Tuesday, 15 December 2015
Poster Hall (Moscone South)
Vladislav Babuska, Jaroslava Plomerova, Ludek Vecsey and Helena Munzarova, Institute of Geophysics, Prague, Czech Republic
Abstract:
We have examined seismic anisotropy within the mantle lithosphere of Archean, Proterozoic and Phanerozoic provinces of Europe by means of shear-wave splitting and P-wave travel-time deviations of teleseismic waves observed at dense arrays of seismic stations (e.g., Vecsey et al., Tectonophys. 2007). Lateral variations of seismic-wave anisotropy delimit domains of the mantle lithosphere, each of them having a consistent fabric. The domains, modeled in 3D by olivine aggregates with dipping lineation a, or foliation (a,c), represent microplates or their fragments that preserved their pre-assembly fossil fabrics in the mantle lithosphere. Evaluating seismic anisotropy in 3D, as well as mapping boundaries of the domains helps to decipher processes of the lithosphere formation.

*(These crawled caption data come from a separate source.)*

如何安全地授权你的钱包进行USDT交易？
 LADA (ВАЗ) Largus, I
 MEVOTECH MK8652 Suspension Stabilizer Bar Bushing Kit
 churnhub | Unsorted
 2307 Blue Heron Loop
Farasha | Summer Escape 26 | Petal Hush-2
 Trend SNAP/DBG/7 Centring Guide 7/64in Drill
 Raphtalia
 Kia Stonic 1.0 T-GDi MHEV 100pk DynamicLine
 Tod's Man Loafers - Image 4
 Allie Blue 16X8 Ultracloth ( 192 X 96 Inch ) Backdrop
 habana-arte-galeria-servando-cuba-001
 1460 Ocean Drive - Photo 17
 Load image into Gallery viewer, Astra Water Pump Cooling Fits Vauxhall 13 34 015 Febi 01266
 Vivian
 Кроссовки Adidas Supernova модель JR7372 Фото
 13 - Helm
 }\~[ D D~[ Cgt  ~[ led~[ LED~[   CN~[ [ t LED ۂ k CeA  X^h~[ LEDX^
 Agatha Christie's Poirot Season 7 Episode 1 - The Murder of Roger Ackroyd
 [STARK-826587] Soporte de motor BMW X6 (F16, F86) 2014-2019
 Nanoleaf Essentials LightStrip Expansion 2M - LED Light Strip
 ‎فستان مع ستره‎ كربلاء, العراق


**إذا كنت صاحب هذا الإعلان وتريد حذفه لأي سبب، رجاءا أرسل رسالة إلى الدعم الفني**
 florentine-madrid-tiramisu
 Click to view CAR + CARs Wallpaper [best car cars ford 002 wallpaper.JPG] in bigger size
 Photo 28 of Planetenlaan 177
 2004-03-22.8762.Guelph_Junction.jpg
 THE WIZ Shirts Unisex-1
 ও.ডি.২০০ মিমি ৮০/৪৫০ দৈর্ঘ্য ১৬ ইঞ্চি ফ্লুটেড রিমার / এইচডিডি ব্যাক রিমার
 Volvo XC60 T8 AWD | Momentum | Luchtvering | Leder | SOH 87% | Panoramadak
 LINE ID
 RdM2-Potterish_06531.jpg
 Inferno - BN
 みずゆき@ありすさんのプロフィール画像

Systematically dipping mantle fabrics and other seismological findings seem to support a model of continental lithosphere built from systems of paleosubductions of plates of ancient oceanic lithosphere (Babuska and Plomerova, AGU Geoph. Monograph 1989), or by stacking of the plates (Helmstaedt and Schulze, Geol. Soc. Spec. Publ. 1989). Seismic anisotropy in the oceanic mantle lithosphere, explained mainly by the olivine A- or D-type fabric (Karato et al., Annu. Rev. Earth Planet. Sci. 2008), was discovered a half century ago (Hess, Nature 1964). Field observations and laboratory experiments indicate the oceanic olivine fabric might be preserved in the subducting lithosphere to a depth of at least 200-300 km. We thus interpret the dipping anisotropic fabrics in domains of the European mantle lithosphere as systems of “frozen” paleosubductions (Babuska and Plomerova, PEPI 2006), and the lithosphere base as a boundary between a fossil anisotropy in the lithospheric mantle and an underlying seismic anisotropy related to present-day flow in the asthenosphere (Plomerova and Babuska, Lithos 2010).